An alternative to do it is to use a base of thin MDF, about twice the thickness of the heat, and same shape as the tile. Cut grooves to the thickness of the cord parallel across the base then a few at each at right angles to the others. Ensure grooves are wide enough to allow the cord to move freely around corners. A simple hand saw can be used to do this. The end 3 cm of the cord is thicker than the rest. This can either be left protruding from the tile or simply expand the section groove where it is to fit. Then use a sealer to make the base waterproof. Using dobs of Blu Tack the tile can then be firmly, but not permanently, fixed to the based.

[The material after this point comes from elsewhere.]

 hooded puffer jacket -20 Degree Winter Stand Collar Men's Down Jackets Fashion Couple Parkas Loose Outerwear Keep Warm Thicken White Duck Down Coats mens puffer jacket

The only permanent cut in the enclosure is a small hole in the back corner, or side, just big enough to thread the heat cord through. 

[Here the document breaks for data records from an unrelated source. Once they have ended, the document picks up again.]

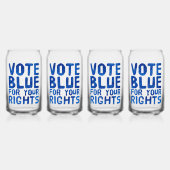 Vote Blue pour vos droits (Recto)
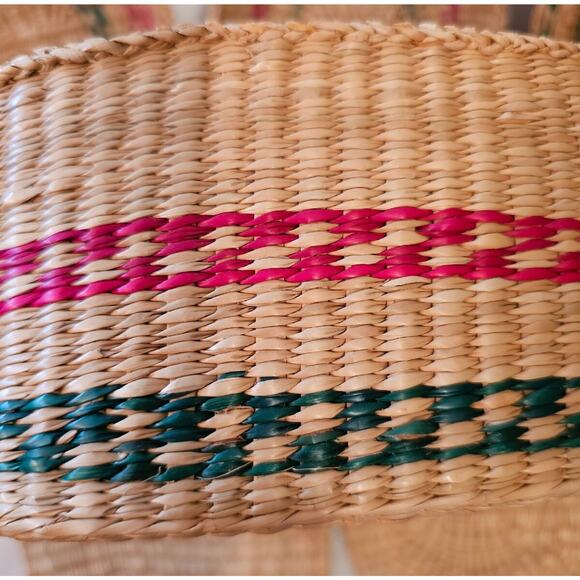 Woven Nesting Baskets Set Of 4 With Lids And Handles Never Used - Picture 9 of 12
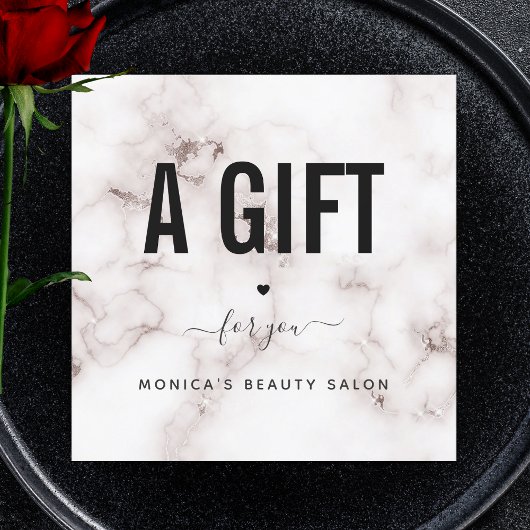 グラムシャンパンマーブルエレガント美しいサロンロゴ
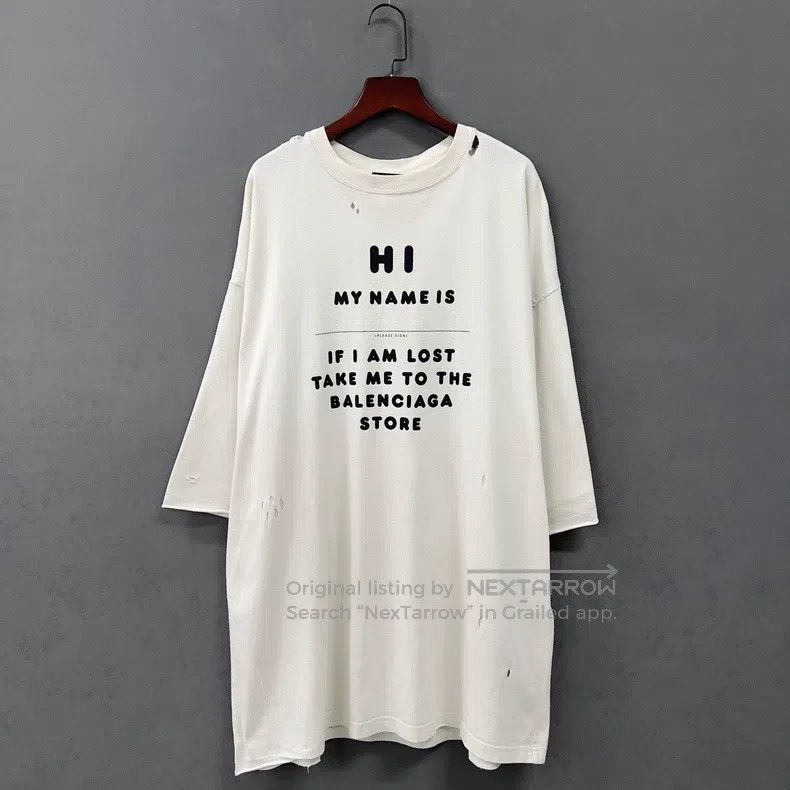 Balenciaga Balenciaga Text Destroy Short Sleeve Size US XS / EU 42 / 0 - 1 Thumbnail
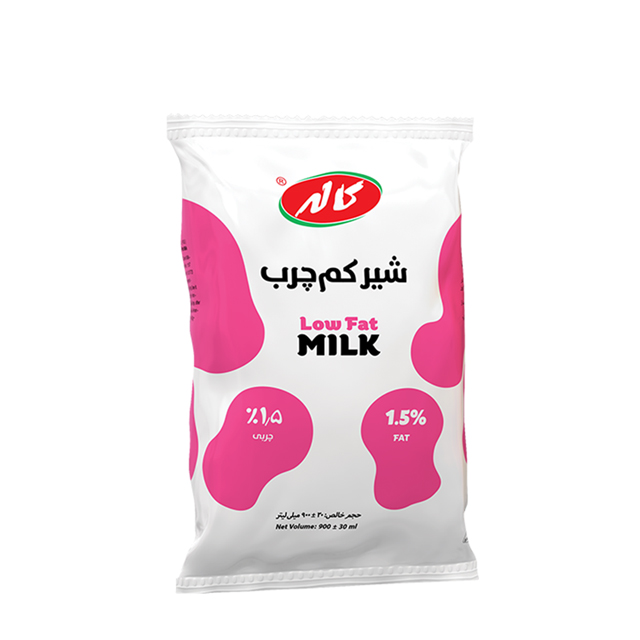 شیر کم چرب کاله 900 میلی لیتری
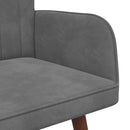 2-personers sofa Mørkegrå 115 x 61 x 87 cm Fløjl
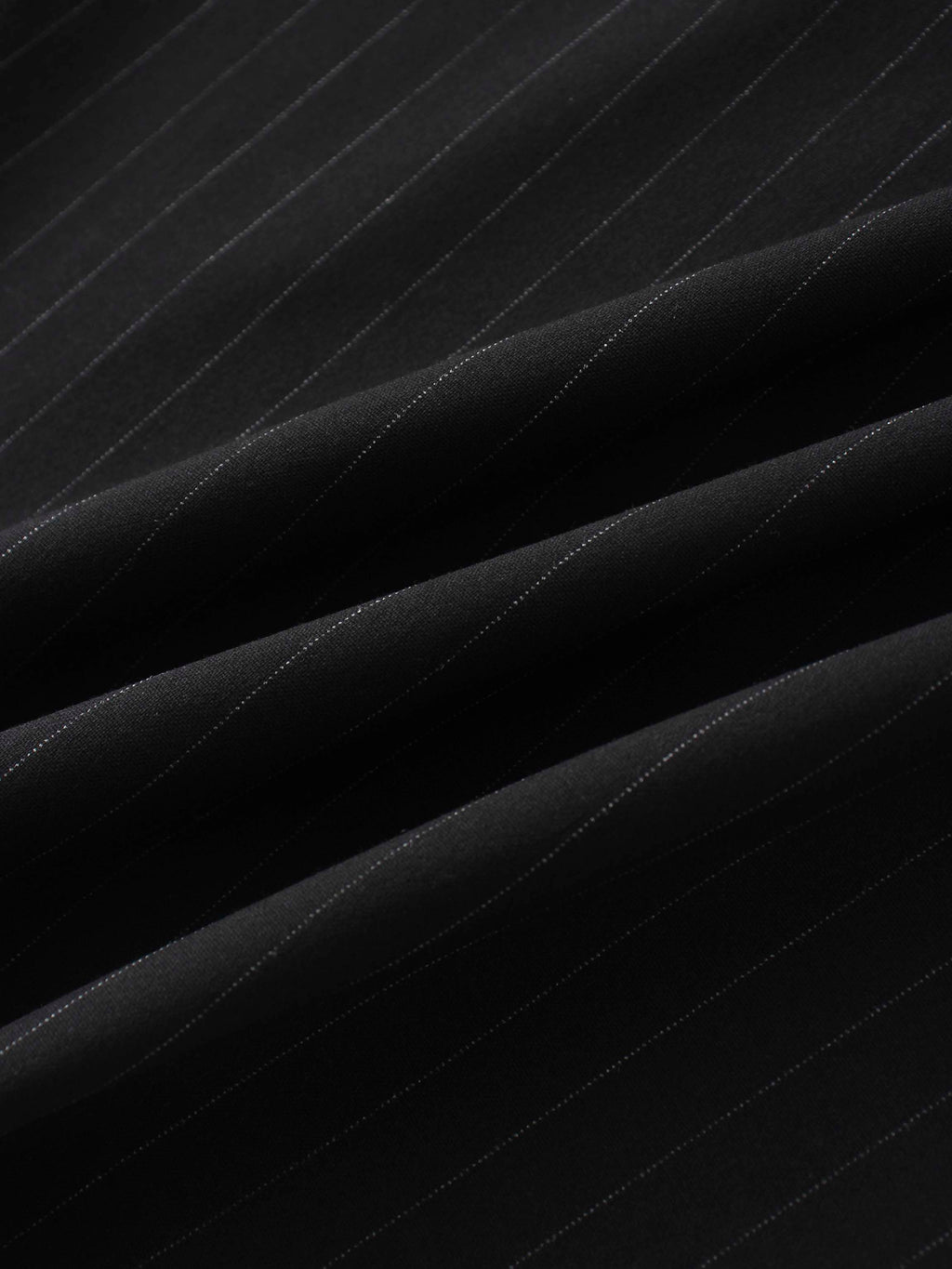 Faux Wrap Pleated Front Buckle Skirt-Pinstripe/Plaid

Ceramic of late tiles are much better conductors than wood, but nowhere near as good as metals. The plus side is that by the time the heat is conducted through the tile, it has evenly spread out. Tiles also have a fairly high’ specific heat’, which is the amount of heat required to raise their temperature by 1oC. So while they are slower to heat up, they are also slower to cool down and will therefore maintain stable temperatures. The MDF base acts as insulation and enables the majority of the heat produced to be transferred into the tile.

This provides a moveable heat tile when cleaning. It is can also be shifted for use in a different enclosure. It is easily re-adjustable for temperature by changing how much of the active heating section of the cord you allows to hang outside of the enclosure.

PS I did write a similar post and thought i had posted it, but apparently not. So I have re-written it (ans saved a copy this time lol)


----------



## dragonlover1 (Feb 3, 2018)

Aussiepride83 said:


> I like the routed grooves in the floor idea with the tile over the top, would be way neater and aesthetically pleasing but for now whilst my snakes are still smallish and in temporary enclosures I use the heat cord sandwiched between 2 tiles method. It allows me to freely move it wherever/whenever when cleaning or rearranging etc.


this works while still young and moving from different enclosures


----------



## miki_k8 (Feb 4, 2018)

Thanks for all the advice. Ordered a heat cord from the Herp Shop and now just waiting for it to arrive.


----------